Fredericton — A controversial new study has ruffled the feathers of engineering and business grads everywhere, as results have proved definitively that arts majors are the most common to be employed in their field.
The study found that an astounding 89 per cent of bachelor of arts graduates in New Brunswick earn their paycheques by working in their field, and while a small percentage of those include historians, teachers and journalists, the overwhelming majority list their employment as “government artists.”
“Seasonally, I’m a lawn care technician,” Arthur Fahrtsy told The Manatee, “but that’s not how I identify myself.”

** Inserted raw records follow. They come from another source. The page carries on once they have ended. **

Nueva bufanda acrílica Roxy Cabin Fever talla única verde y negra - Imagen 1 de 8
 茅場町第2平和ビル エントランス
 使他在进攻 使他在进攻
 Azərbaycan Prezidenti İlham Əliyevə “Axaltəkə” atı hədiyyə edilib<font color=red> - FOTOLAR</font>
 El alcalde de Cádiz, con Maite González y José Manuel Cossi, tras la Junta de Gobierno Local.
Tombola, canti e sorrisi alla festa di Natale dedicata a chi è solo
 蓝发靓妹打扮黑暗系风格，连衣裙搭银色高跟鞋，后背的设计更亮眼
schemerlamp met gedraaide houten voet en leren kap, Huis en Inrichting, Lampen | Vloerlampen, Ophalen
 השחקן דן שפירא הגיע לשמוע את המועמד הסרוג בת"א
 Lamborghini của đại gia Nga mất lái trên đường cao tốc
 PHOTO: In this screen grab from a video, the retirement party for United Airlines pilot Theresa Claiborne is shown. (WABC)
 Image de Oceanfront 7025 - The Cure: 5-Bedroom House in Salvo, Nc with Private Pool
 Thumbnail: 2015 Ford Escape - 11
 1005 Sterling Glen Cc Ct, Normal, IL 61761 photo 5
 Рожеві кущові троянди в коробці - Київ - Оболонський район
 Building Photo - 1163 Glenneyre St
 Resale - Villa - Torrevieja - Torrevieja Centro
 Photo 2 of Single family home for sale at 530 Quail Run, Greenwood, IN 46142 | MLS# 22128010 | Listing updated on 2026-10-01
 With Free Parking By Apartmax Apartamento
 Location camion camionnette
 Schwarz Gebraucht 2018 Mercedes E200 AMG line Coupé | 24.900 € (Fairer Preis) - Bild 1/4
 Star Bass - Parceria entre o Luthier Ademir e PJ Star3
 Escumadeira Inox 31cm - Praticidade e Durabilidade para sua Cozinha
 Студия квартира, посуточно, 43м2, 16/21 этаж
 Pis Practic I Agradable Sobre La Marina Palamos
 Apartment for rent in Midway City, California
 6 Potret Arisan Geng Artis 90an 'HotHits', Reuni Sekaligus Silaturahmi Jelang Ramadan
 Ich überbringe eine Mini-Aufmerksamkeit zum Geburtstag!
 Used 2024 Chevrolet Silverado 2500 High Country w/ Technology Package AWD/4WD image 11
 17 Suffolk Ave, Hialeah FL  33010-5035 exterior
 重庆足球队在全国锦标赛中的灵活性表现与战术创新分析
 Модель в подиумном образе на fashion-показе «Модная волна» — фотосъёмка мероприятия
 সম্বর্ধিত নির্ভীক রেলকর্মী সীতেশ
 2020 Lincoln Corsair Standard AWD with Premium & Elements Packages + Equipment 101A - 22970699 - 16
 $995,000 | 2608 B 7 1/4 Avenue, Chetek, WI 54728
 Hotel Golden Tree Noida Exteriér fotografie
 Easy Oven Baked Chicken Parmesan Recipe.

Fahrtsy, a 2010 arts graduate from the University of New Brunswick, is preparing for his ninth winter as a government artist.
“It’s a tough gig sometimes,” Fahrtsy admits, explaining how his girlfriend is a nurse and therefore works year-round. “I’m home alone a lot, and so on top of being an artist, I’m expected to do things like shovel the driveway and fold laundry. It really cuts into my meme-crafting time, and honestly, it’s exhausting.”
Fahrtsy, now coming up on a decade of “government employment,” expressed his disdain for the “working conditions.”
“We really should be part of a union or something. It’s going to be tough to save for retirement this way.”
Our reporter proceeded to ask the government artist a series of hard-hitting questions, including:
-Have you considered getting a specialized degree in hopes of finding full-time work?
-Do you ever plan on looking for work through the winter months?
-Do you feel that taking advantage of E.I. reflects poorly on those who genuinely require the program?
-Will you continue to collect E.I. in the years to come?
-When’s the last time you left your house?
His answers, in order, were, “No, no, no, yes, no.”